310. Work is insane ... or is it me?

Work is insane. Or is it me? I remember that is why I started to blog. To avoid insanity. So it must be work.

I head to the copier room. I have to rush as I am probably running late. I do not want to look at the time, I do not want to know if I'm late as it will only increase my stress level and who needs stress? There are no wild beasts running after us anymore, only annoying little ones hiding in over-heated offices, mopping around and crying rivers about how overworked they are.

So of course I jam the thing. There is a loud CLANG and then the screen changes to show the insides of the machine. I follow the first instruction to open the side flap and I yank out a sheet of paper. But then the screen gives me more flaps to open and levers to  lift and handles to turn. I pause. I breathe. I count to 5. This is good: I now remember a note telling us not to attempt to clear jams but to seek for help. I turn on my heels and head to the warm offices where a sweet aroma of coffee pervades. As a white flag I shout happy new year to everyone. They wish me the same back. Good . I can voice my reasonable request.

'I'm so very sorry ... but I've got a jam in the machine. I've removed a sheet but there's more and it looks so complicated I dare not try to solve the problem ... '

I stop because next I will be crawling on the floor my hands joined in prayer.

At these words a panicked woman jumps up from behind her desk (I have never seen such a fast reaction, maybe something to do with her new year resolutions) and follows me. 

'Which machine?' 

'It's the one the left.' I want to point out that there are only two machines left now and that it is the one flashing. But I don't because I have made new year resolutions too. 

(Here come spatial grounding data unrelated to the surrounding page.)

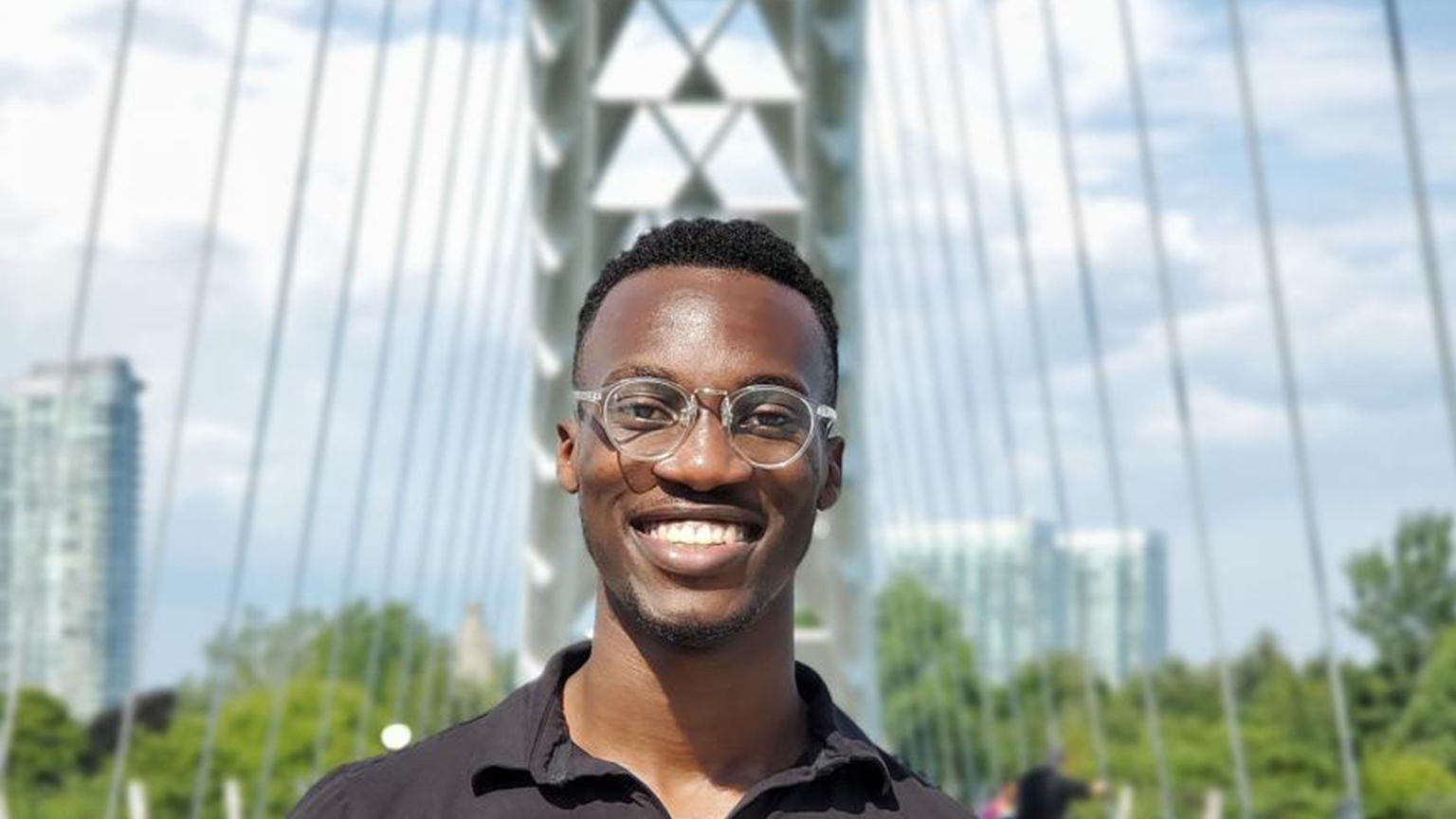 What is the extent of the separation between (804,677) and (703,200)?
3118 cm

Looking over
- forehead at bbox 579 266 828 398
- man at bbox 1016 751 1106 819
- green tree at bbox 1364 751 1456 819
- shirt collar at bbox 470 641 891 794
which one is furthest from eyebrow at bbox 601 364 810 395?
green tree at bbox 1364 751 1456 819

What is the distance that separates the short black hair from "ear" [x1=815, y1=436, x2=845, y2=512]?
0.15 feet

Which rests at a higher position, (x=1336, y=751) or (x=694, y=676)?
(x=1336, y=751)

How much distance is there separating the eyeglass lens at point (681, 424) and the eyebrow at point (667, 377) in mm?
10

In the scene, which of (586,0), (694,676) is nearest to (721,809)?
(694,676)

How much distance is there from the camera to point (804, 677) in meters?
2.62

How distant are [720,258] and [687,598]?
1.04 ft

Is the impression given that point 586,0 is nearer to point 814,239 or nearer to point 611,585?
point 814,239

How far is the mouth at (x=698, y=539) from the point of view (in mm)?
2383

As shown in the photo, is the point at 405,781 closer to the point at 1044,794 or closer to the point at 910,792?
the point at 910,792

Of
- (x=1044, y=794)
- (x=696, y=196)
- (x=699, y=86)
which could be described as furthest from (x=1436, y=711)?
(x=1044, y=794)

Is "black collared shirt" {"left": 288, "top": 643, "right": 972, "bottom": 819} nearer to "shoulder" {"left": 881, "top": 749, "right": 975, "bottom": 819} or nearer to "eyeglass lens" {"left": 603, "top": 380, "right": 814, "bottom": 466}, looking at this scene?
"shoulder" {"left": 881, "top": 749, "right": 975, "bottom": 819}

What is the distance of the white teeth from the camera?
2.39 meters

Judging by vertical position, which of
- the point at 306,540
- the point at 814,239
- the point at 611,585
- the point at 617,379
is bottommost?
the point at 611,585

'I'm sorry, I have to go in the next office.' I do not add that it is because I can see there is someone there now. 'I'll be right back. Very sorry.' I rage at the resolutions taken, and wish I hadn't.

'Happy new year!' I say entering the second office.

I get a reply, not overtly enthusiastic but I get a reply and I person on with my request.

'May I please have two black cartridges ... for a board marker?' I want to say 'pretty please' but I don't. This is work. We have to be super serious. 

'No. Only one.'

Bang goes my new year resolution.

'Why?' I say too firmly.

'Because I can't give you two.'

As I am staring she continues. 

'I am only giving one at a time so everyone gets one. Our supplies are very low. 

And she goes on. In December we didn't have the budget to order some more so we've ordered some now but then we dont know when they'll get here and then that's why I'm not giving more than one to share equally amongst teachers. 

I am speechless. The school (a big state school in France) does not have the 'budget' to buy cartridges? This is baffling me. I think that I have never ever bumped into a colleague asking for markers in this office. What do my colleagues do? Send a student? Impossible, I've tried and I got told off for it. Am I the teacher who writes the most on the board? I doubt it. I've already had a smarty pants comments on how Maths teachers write so much on the board (understand so much more than language teachers).

'Can I have a black marker instead of the cartridge then. Please?'

I think this is cheeky but I hate coming into this office. 

'Yes, that you can. But only one cartridge because ...'

And I get the spell about the lack of funds again. I could tell her that they could borrow some cash from me to tie them up but I don't. We have to be super serious.

She looks for the little book, looks for a pen and then opens the little book and writes my name and next to it she writes one blue cartridge and one black marker. I think this is utterly ridiculous and infuriating but again I am the only one to think so. Others must be so much more patient than I.

I go back and the copier is ready for me. Hey, these resolutions do work. Maybe a new friendly me is in the making for 2023? Maybe soon I won't need to blog? 

Happy as Larry about my day so far I decide to open my mail box (one of the mail pro box, we have about 5 in all) and shut it very quickly again. There is an 'invitation' for an online training session about some obscure topic and they are very sorry about the short notice as it is for tomorrow. I storm out of the room. I have made an other new year resolution. I will boycott this mailbox. It's just a box full of nuisance.